Denmark McDonald's Workers Get Paid Twice As Much As Americans. Here's Why

The McDonald's brand is known around the world. And some would say the chain takes care of its customers as well as its staff members. As per Indeed, many McDonald's employees across the United States make more than $10 an hour (some make a bit ver $9). Plus, many team members can take advantage of several perks such as a Stock Purchase Plan, special discounts, education benefits, health insurance, and more.

Interestingly, your working environment and perks can depend on things like where you're based in the world. For example, a Redditor wondered what it's like to work for a McDonald's in New Zealand. While we can't confirm the accuracy of the answer, a commenter wrote that one of the best parts about their job was that they got a chance to befriend a lot of people.
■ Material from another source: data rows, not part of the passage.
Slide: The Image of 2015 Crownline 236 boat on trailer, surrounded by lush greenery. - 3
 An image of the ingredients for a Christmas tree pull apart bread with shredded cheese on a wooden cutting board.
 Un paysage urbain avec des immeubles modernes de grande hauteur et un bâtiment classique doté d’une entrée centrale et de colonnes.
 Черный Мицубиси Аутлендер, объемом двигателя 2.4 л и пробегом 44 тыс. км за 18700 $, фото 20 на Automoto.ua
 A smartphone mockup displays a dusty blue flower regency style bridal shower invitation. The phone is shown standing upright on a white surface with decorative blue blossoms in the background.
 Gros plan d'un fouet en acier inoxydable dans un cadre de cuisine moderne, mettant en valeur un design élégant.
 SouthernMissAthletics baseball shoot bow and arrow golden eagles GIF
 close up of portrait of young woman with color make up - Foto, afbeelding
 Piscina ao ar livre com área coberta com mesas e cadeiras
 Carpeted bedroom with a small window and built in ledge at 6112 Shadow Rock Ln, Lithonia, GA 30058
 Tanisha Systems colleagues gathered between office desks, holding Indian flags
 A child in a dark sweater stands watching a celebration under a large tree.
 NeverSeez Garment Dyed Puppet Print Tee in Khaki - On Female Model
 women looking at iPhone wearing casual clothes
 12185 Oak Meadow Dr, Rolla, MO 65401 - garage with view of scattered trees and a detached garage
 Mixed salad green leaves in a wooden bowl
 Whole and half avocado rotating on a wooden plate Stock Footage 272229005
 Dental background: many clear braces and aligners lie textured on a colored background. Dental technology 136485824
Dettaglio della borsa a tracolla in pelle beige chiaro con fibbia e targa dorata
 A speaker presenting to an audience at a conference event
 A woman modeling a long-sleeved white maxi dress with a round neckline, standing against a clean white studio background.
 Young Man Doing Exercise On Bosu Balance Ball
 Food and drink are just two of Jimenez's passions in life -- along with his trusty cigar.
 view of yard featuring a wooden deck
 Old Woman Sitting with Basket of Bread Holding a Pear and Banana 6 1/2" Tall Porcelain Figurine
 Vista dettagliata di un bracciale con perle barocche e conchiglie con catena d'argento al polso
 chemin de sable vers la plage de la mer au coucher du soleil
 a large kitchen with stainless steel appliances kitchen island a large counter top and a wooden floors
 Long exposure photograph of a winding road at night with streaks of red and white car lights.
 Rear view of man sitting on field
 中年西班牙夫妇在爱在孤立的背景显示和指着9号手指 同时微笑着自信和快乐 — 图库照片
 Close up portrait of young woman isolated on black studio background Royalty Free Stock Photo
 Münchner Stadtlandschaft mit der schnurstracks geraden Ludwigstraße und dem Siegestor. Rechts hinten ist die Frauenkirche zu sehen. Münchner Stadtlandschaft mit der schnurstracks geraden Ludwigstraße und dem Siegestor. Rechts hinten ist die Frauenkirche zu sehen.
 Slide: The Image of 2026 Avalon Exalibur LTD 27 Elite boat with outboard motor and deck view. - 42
There were plenty of challenges, though, such as working for over a month without a break on account of absentee coworkers. Meanwhile, McDonald's employees in Denmark get paid a lot more than their American counterparts. It's true! Read on for the details.

There are several factors that need to be considered

Senator Bernie Sanders recently went viral on Twitter after the politician pointed out that McDonald's workers in Denmark receive as much as $22 an hour coupled with perks like life insurance, pension, annual leave, and more. Sanders added, "America must join the rest of the industrialized world and ensure that our working class can live with dignity." His words led to strong reactions.

Some Twitter users pointed out that Denmark relies heavily on unions that help workers get access to the benefits they enjoy. Another Twitter user responded that it's important to keep in mind the fact Denmark does have far more taxes than the U.S. and it's also more expensive to live there. A New York Times piece shed more light on this, noting that over four-fifths of Danish workers have collective bargaining contracts and very seldom go on strike. They also benefit from "sectoral bargaining," whereby contract negotiations are applied to an entire business sector instead of an individual company. This essentially means that whether Danes choose to work at Burger King or McDonald's, they don't need to fret over the pay and can rest easy knowing that it'll be equal, no matter where they are.